You have just defended your PhD thesis. Can you describe your project in a few sentences?
This project is all about improving document processing pipelines in a low-resource and very domain-specific environment: commentaries on Ancient Greek works.
Document processing is a field of machine learning. It focuses on the steps to go from a physical to a machine-readable document, and to perform higher level textual functions, such as search, on that document. Typically you start by scanning and preparing the document. Then you have to extract texts using Optical Character Recognition, and also extract structure or layout if needed. Once you have structured texts, they can be stored as browsable data and perform advanced information retrieval, entity extraction or large-scale comparison of texts.
For me, the most stimulating part of this work is that all the steps of my document processing pipeline are made highly challenging by the nature of the documents I am working with. Classical commentaries feature an extremely specific and multilingual prose, as they constantly alternate between Ancient Greek, Latin and the commentator’s language, for example English or French. We call this interweaving of languages “code-switching”. So just for extracting the texts, you now have two alphabets — polytonic Greek and Latin — to decipher at once. Add to this the fact that we have very little data and you have a recipe for a very interesting piece of research in my opinion.

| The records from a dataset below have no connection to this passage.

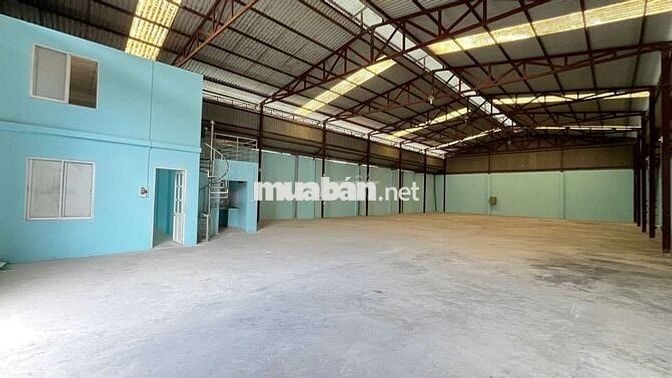 CHO THUÊ XƯỞNG GẦN NGÃ TƯ BÌNH PHƯỚC DIỆN TÍCH  560m2 giá thuê 33tr
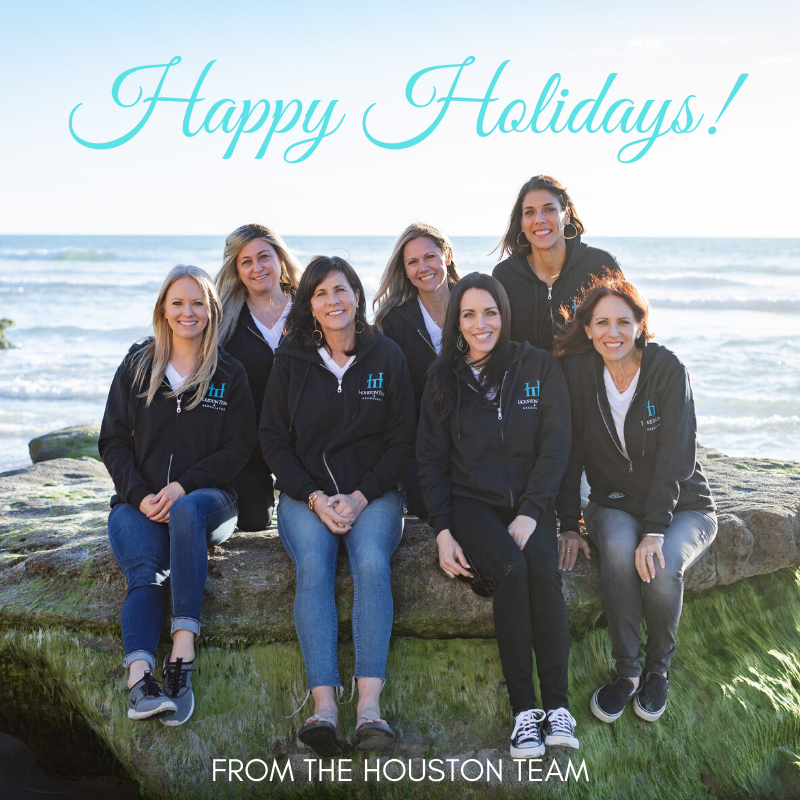 TheHoustonTeam's tweet photo. As 2019 is drawing to an end and we begin looking forward to 2020, The Houston Team would like to thank each of you for your continued support. It means the world to us and we are so grateful! We hope you and your families have a memorable #holiday season &amp; a joyous #newyear! ✨ https://t.co/MScmXgjpdw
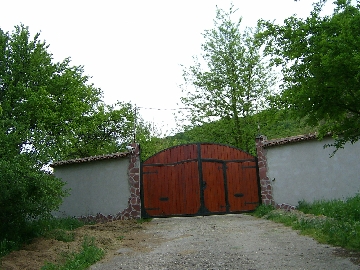 Дворни врати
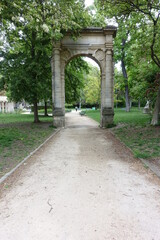 Arcade du Parc Monceau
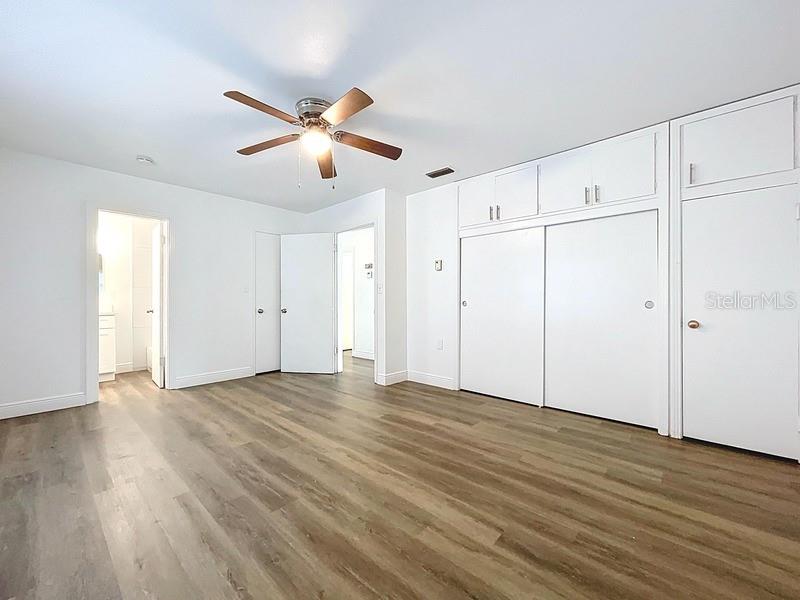 Listing photo id 17 for 5255 18th Street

How did you choose your thesis topic?
It was pretty straightforward, as it was naturally determined by the research project I am part off, Ajax MultiCommentary. Nevertheless, I was granted some academic freedom and I think my impulse contributed to give the PhD a strong machine-learning orientation, notably with the use of specialised models. As to how I came to study something at the frontiers between antiquity and artificial intelligence, I think it fits me very well. I am an engineer, but I’ve always been fond of the Greek world. This familiarity — if not tenderness — for the source material is a big plus in the life of a machine learning engineer: you can always have a peek at your data when you feel tired of working!
What do you find interesting about your field of research?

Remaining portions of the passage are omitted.